Des stars de YouTube foncent dans Genève

Deux youtubeurs français multiplient les infractions au code de la route au mépris des autres usagers. Excès de vitesse, dépassements par la droite, conduite dangereuse, leurs vidéos sont postées sur YouTube. En cas d’enquête du Parquet, le duo risque gros.

  • A partir des vidéos, des experts sont capables de déterminer la vitesse du véhicule. TR

«Une procédure pénale peut être ouverte sur la base d’un enregistrement vidéo»

Le Ministère public genevois

Sur cette chaîne YouTube qui compte plus d’1,5 million d’abonnés, c’est bien la route de Chancy que l’on voit défiler à toute allure. Au volant d’une voiture dite super-sportive, en l’occurrence une Pagani Huayra de près de 800 chevaux, deux stars françaises des essais automobiles se filment enfreignant de nombreuses règles de circulation.

Compteurs de vitesse floutés, leurs bolides s’élancent à tombeau ouvert malgré une circulation relativement dense. Dépassement par la droite, freinage intempestif, excès de vitesse, non-respect des distances de sécurité: les youtubeurs se comportent comme s’ils étaient sur un circuit.

Et de s’amuser des réactions des autres automobilistes et motards présents ce jour-là. Grosse frayeur lorsqu’une voiture de police, sirène allumée, passe justement dans le secteur. «Ouf, c’est pas pour nous!» s’exclament les compères.

Repérage

Au moins deux vidéos ont été tournées sur les routes genevoises, la dernière datant du mois de décembre 2021. A chaque fois, tels des criminels, les acolytes commencent leurs essais automobiles par des repérages. «D’habitude on fait une double vérification avant de mettre un peu de gaz, mais cette fois, on va le faire cinq fois!» annonce ainsi un des conducteurs au début de la vidéo. Une fois certains qu’aucun véhicule de police n’est présent dans les parages, place à la vitesse et à toutes les prises de risque.

Enquête

Mais, est-il possible de connaître la vitesse réelle d’un véhicule à partir de ces seules images? «Oui, nous avons des équipes spécialisées dans l’étude de ce type de document. Elles sont capables de dire à combien roulait réellement un automobiliste, notamment en se servant de points de repère dans le paysage», détaille le chef de la police routière Patrick Pulh, sans préciser toutefois si une enquête a été ouverte dans ce cas précis.
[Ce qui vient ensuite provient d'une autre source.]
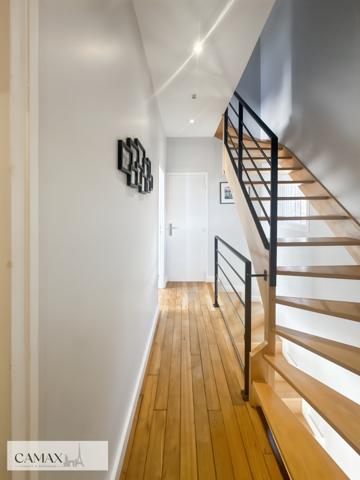 92 COURBEVOIE – FAUBOURG DE L’ARCHE – MAISON 6 PIÈCES – 3 CHAMBRES – JARDIN PLEIN SUD – GARAGE –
Et d’ajouter: «Lorsqu’on nous signale ce genre d’événement, nous évaluons la pertinence et ouvrons une enquête si nécessaire».
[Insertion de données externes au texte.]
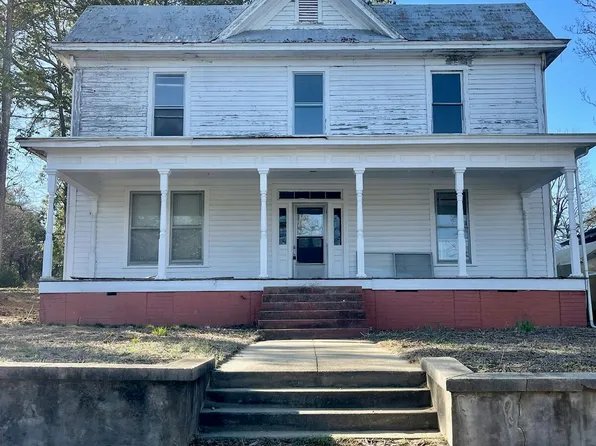 514 Champlain Street, Hamlet, NC 28345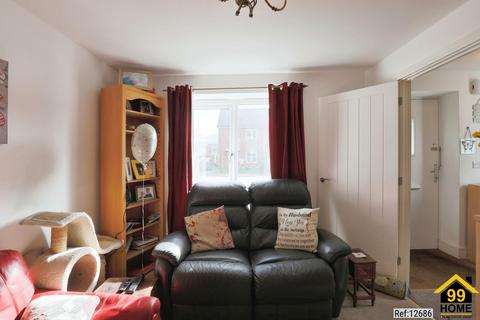 2 bedroom semi-detached house for sale - Poplar Drive, Stratford Upon Avon, Warwickshire, CV37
De son côté, interrogé par nos soins, le garage genevois qui a prêté les voitures prestigieuses aux youtubeurs rappelle que la responsabilité en cas de problème revient au conducteur.

Sanctions?

En plus bien sûr de provoquer un drame, que risque le duo sur le plan légal en cas de plainte ou de dénonciation en Suisse? «Le Ministère public ne se prononce pas sur ce cas particulier. De manière générale, une procédure pénale peut être ouverte sur la base d’un enregistrement vidéo», informe le Parquet qui indique également que la nationalité des auteurs ne joue aucun rôle.

«Depuis Via Sicura, qui renforce la loi sur la sécurité routière (LCR), les très grands excès de vitesse comme la mise en danger des autres usagers de la route peuvent être condamnés par une peine de prison. Cela a notamment été le cas pour le «Ghost Rider» de Genève il y a quelques années (lire ci-contre). Ce motard avait été condamné à de la prison ferme pour ces excès de vitesse en pleine ville», précise Patrick Pulh.
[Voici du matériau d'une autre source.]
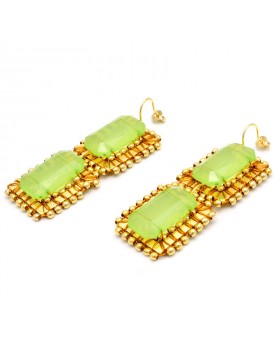 Brinco Dourado Retângulos Caseados Com Bolinhas E Pastilha De Resina Verde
Le «Ghost Rider» en prison

TR • Il avait défrayé la chronique en 2016: le «Ghost Rider» de Genève, un motard qui filmait ses multiples infractions au beau milieu de la circulation, avait finalement été retrouvé par la justice et condamné à 30 mois de prison ferme par le Tribunal correctionnel de Genève en janvier 2017. En cause: des multiples excès de vitesse et des délits de fuite. Autant de frasques filmées et diffusées sur les réseaux sociaux. C’est d’ailleurs une analyse de cette vidéo qui avait permis au Groupe technique de recherche de véhicules d’identifier le chauffard.